Pictures excluded, set down exactly the lines from the one containing "画像をギャラリービューアに読み込む, Anne number" through the final line of the material, and only those.

- **Information given**
((

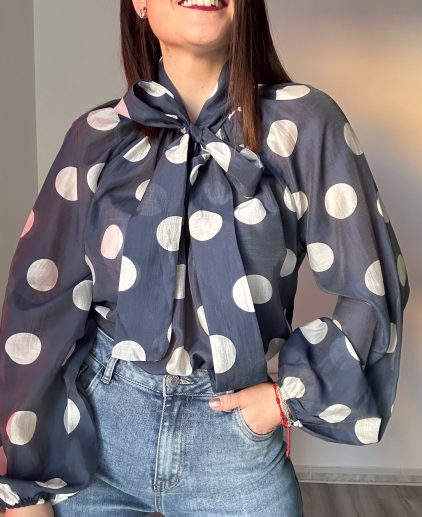 Blusa lunares azul marino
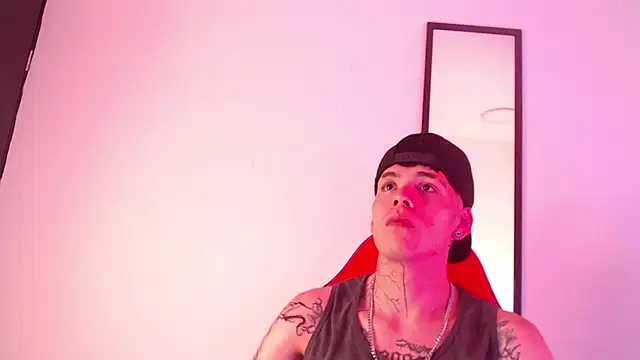 Anhonymus  online show from September 14, 2025, 4:11 am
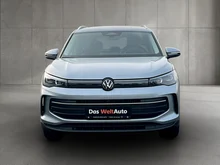 VW Tiguan Friends eTSI DSG in Oyster Silver Metallic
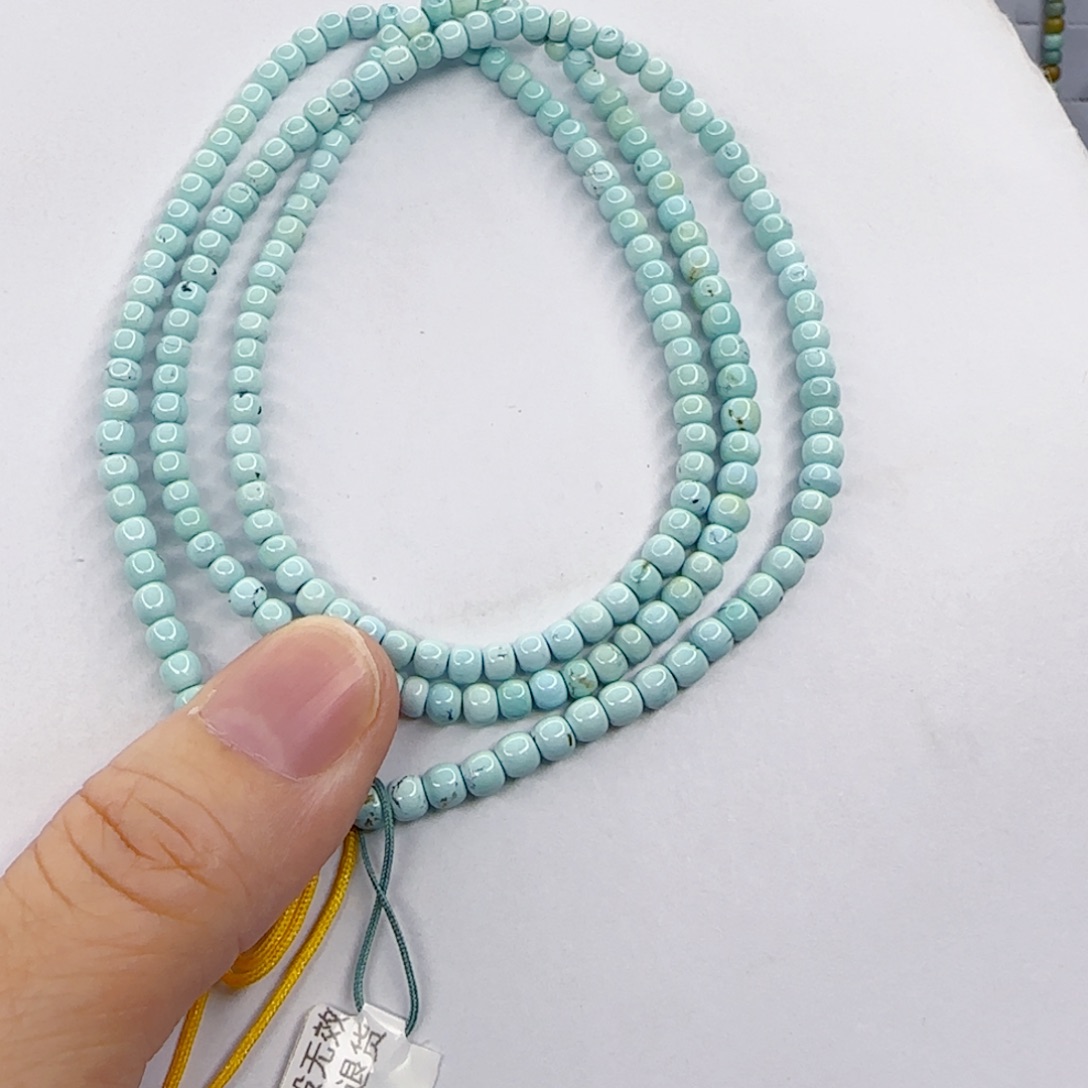 绿松石未镶嵌颈饰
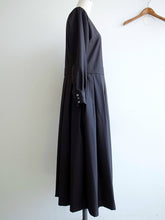 画像をギャラリービューアに読み込む, Anne number of OMEKASHI 19 「きちんと見えのワンピース」 ブラック by ina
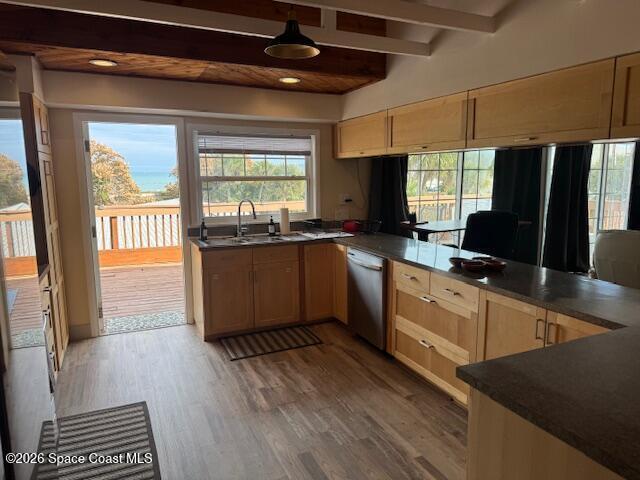 Foto del edificio - 1350 Atlantic St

))

- **Task answer**
 画像をギャラリービューアに読み込む, Anne number of OMEKASHI 19 「きちんと見えのワンピース」 ブラック by ina
 Foto del edificio - 1350 Atlantic St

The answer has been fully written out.